RECORDED INFORMATION:
*** Begin section ***
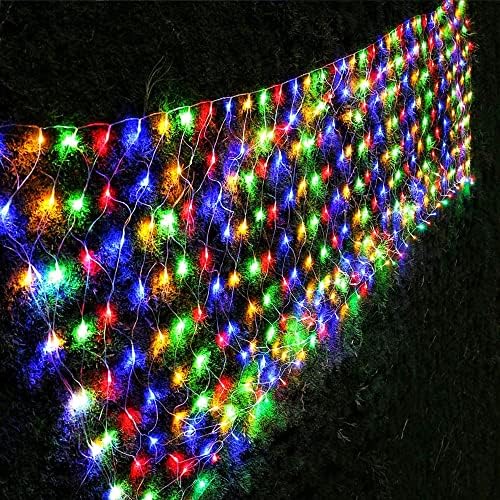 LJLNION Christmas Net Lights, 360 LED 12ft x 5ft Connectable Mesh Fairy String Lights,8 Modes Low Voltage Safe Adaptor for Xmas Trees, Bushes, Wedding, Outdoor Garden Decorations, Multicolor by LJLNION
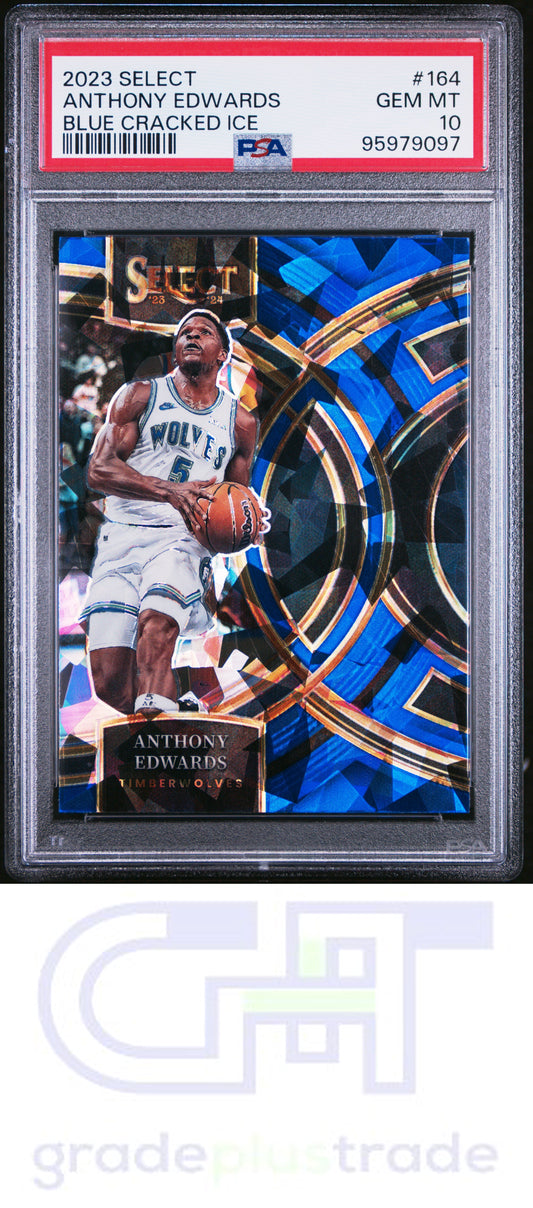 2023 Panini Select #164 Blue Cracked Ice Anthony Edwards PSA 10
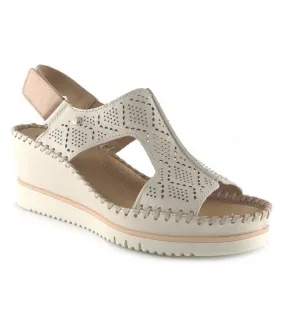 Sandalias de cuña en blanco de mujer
*** End section ***
*** Begin section ***
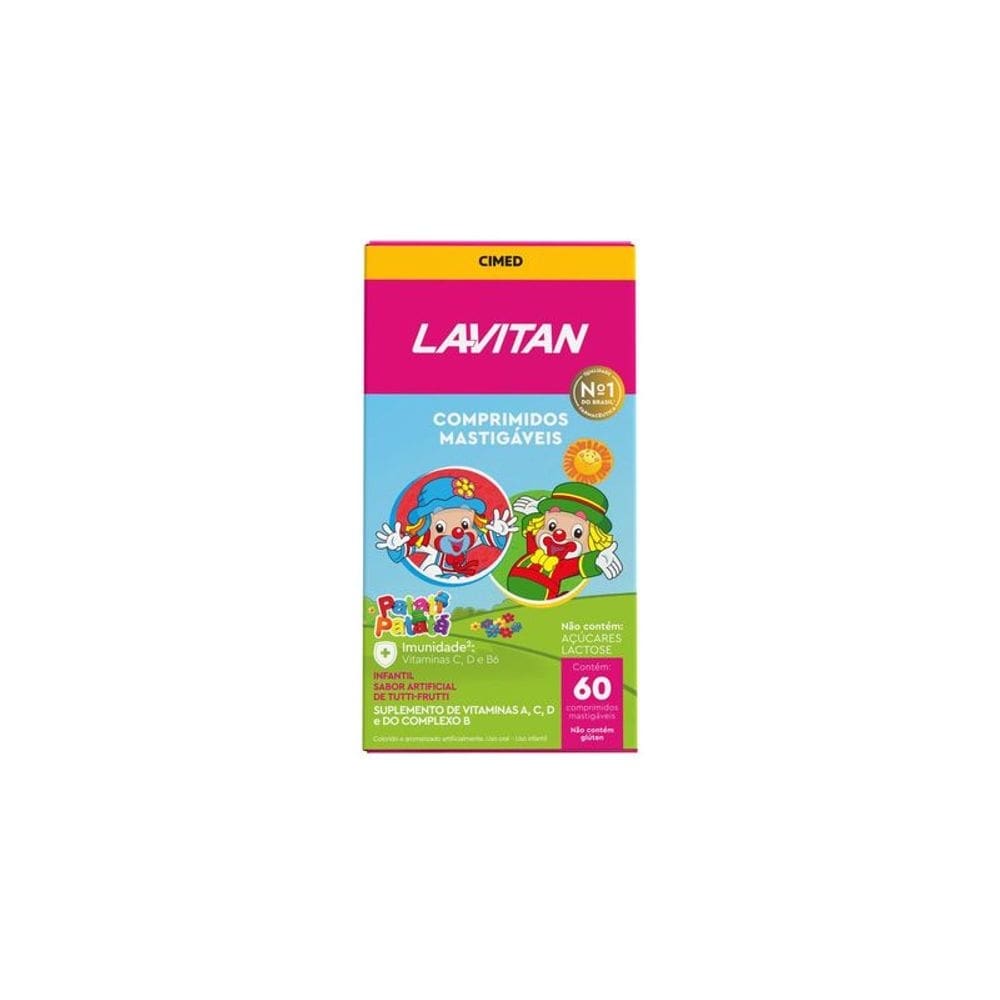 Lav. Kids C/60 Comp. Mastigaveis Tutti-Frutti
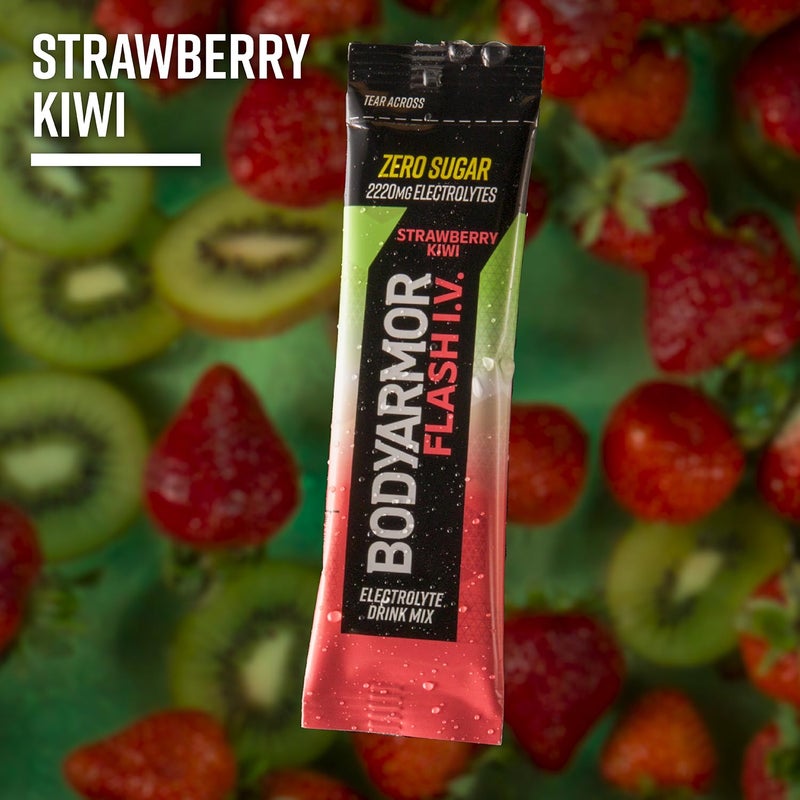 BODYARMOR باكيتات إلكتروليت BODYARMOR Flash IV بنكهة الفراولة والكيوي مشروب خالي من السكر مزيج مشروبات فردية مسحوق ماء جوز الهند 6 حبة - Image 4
*** End section ***
*** Begin section ***
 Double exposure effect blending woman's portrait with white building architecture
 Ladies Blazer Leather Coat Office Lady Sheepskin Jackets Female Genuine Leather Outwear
*** End section ***
TASK TO CARRY OUT: Taking the entries above, write out exactly the lines starting with the line containing "Double exposure effect" and going on through the line containing "Ladies Blazer Leather", both included, and nothing else.

SOLUTION TO THIS PROBLEM:
 Double exposure effect blending woman's portrait with white building architecture
 Ladies Blazer Leather Coat Office Lady Sheepskin Jackets Female Genuine Leather Outwear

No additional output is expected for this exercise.